**ENTRIES PROVIDED:**
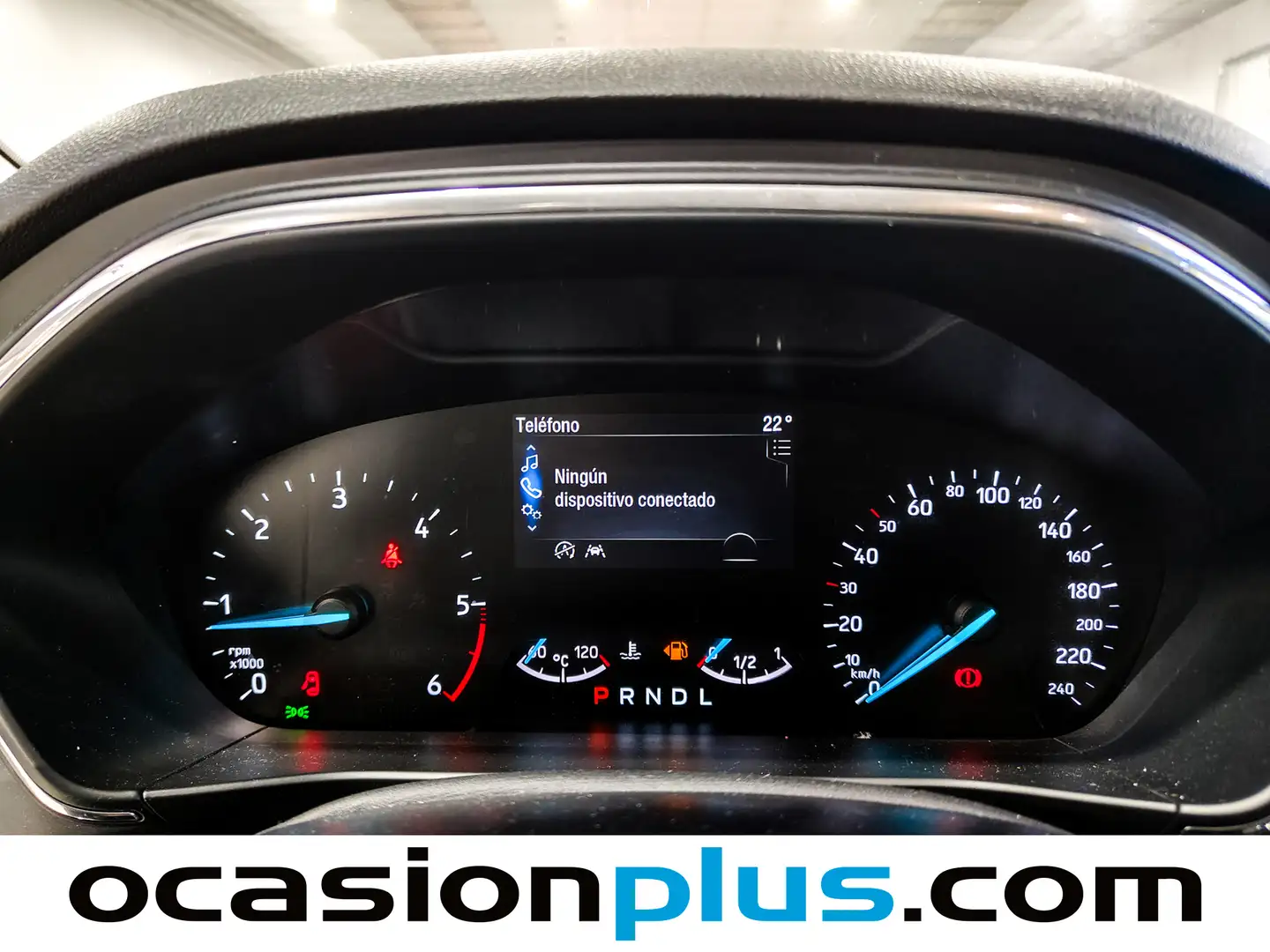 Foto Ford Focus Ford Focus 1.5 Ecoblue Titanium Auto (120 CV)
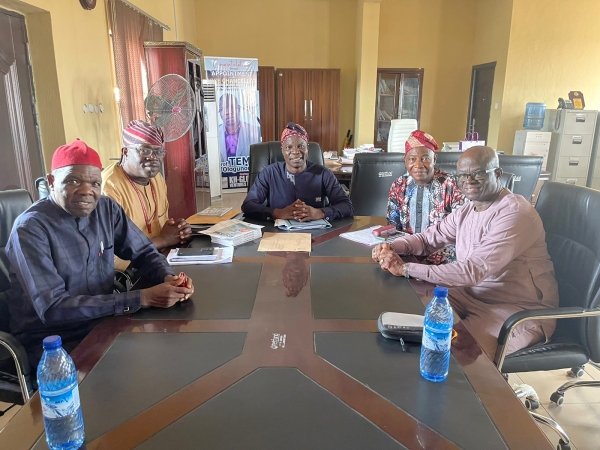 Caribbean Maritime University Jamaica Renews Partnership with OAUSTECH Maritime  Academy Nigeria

==

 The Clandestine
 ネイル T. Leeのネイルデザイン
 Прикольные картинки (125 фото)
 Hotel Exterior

**AIM OF THE EXERCISE:** Look above for the line with "Foto Ford Focus"; quote it and every line after it, stopping after the line with "Caribbean Maritime University", exactly, with nothing added and without pictures.

**YOUR SOLUTION:**
 Foto Ford Focus Ford Focus 1.5 Ecoblue Titanium Auto (120 CV)
 Caribbean Maritime University Jamaica Renews Partnership with OAUSTECH Maritime  Academy Nigeria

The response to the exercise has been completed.